WHAT IS BEING ASKED> Of the records below, reproduce only the span that opens with the line containing "JJ’s House White" and closes with the last line.

Items from a data source:
▬▬▬

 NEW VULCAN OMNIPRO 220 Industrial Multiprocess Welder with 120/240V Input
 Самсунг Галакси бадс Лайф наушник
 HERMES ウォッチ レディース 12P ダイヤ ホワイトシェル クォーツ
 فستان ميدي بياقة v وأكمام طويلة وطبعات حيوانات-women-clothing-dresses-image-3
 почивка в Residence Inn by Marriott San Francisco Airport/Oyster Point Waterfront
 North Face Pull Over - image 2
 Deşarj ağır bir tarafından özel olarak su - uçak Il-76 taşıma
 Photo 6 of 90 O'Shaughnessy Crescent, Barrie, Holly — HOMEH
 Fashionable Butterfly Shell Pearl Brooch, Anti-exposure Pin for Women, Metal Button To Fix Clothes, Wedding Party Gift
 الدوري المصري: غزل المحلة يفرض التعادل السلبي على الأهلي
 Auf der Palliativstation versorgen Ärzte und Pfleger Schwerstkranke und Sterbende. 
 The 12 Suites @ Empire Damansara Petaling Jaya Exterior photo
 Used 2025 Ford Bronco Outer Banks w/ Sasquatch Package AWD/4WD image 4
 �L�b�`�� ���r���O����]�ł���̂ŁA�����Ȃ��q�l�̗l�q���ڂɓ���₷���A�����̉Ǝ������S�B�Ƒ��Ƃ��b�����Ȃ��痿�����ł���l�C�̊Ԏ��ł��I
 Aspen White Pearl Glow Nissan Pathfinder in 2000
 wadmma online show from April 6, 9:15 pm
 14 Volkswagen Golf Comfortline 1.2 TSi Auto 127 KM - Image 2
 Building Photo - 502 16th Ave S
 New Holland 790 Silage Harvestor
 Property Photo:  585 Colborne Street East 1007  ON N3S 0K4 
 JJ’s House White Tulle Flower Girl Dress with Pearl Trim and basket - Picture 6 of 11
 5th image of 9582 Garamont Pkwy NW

▬▬▬

THE COMPLETED TASK>
 JJ’s House White Tulle Flower Girl Dress with Pearl Trim and basket - Picture 6 of 11
 5th image of 9582 Garamont Pkwy NW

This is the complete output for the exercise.